Berlinale 71: Alice Diop’s new movie, Nous (We), explores Paris and its various inhabitants

The world according to Alice Diop.
Freshly Popped

BERLIN – Alice Diop’s Nous (We) starts in a place of bucolic charm at dusk as a boy and his grandparents squint through the half-light to spot a deer across the meadow. There’s no context given, other than their hushed commentary on the deer. Are they nature watchers? Is there something else going on? We’ll discover a lot more later, towards the end of the film. But what is immediately apparent is a sense of space and distance and trying to glimpse something and make it out in the failing light.

Nous is very much about the nature of community and its relationship to its environment. Just as Gianfranco Rosi’s Golden Lion winner Sacro GRA took a road hub as its organising principle, so Diop takes an urban train line, the RER B which runs north to south of Paris. It passes through suburbs of history that is both personal and public. For the personal, there is Diop’s own family house. Her mother, as a cleaner, would take the early train to work. We are offered a glimpse via a home video which allows a brief intimacy before cutting out and reverting back to the black and white film the movie was taped over – Marlon Brando in The Wild One.

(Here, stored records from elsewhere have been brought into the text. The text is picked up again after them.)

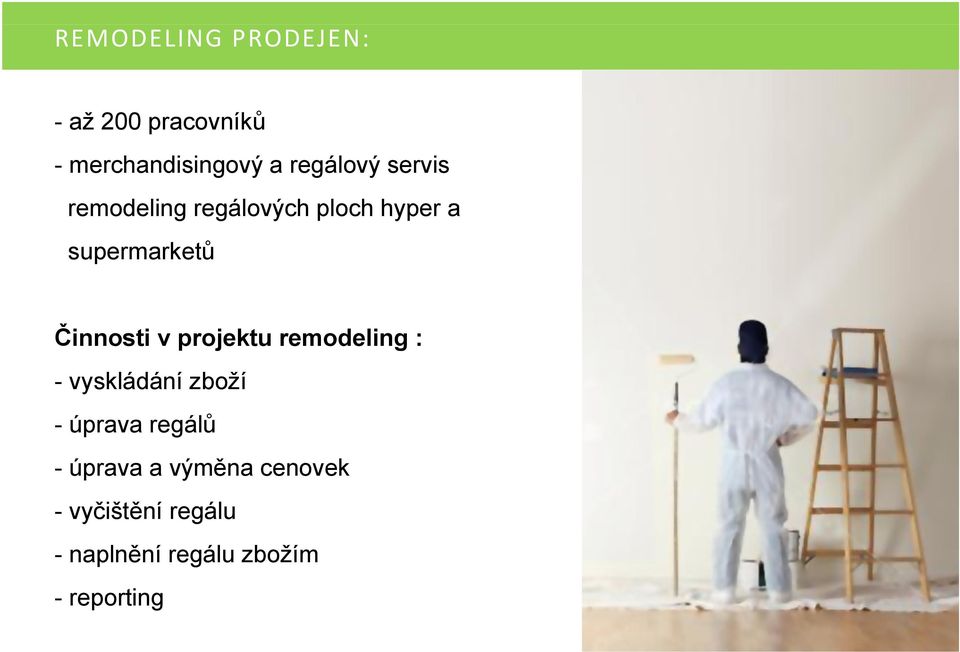 Činnosti v projektu remodeling : - vyskládání zboží - úprava regálů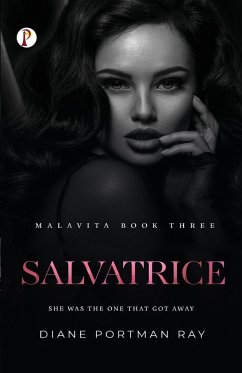 Salvatrice (MALAVITA Book 3) - Ray, Diane Portman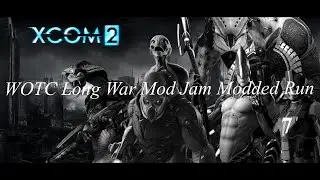 XCOM 2 LWOTC Mod Jam 2024 run 7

Alice Diop’s father remains, cared for by his sister, a professional carer who also visits the other old people in the neighbourhood. We hear stories of dead partners and distant children. This crossover from the personal to the public happens effortlessly and we see it also in the housing estates where the kids hang out, flags are put up and in a local museum the story of the deportations to the death camps, among them forty thousand children, is a reminder that this too has its history. History has a way of folding time. Like the young men, lounging on deck chairs, drinking beers and playing music on their phones and from the phone comes the sound of Edith Piaf, like the ghost of Paris itself, for a moment mesmerising the youth.

A thoughtful essay, Nous never tries to editorialise or draw too many conclusions. Rather it sees and shows how communities are made up of many disparate elements, the young and the old, the new and the only partly remembered. This is a deep and thoughtful essay which portrays a truly multicultural identity, a rural and suburban space which like the deer we can only fleetingly see.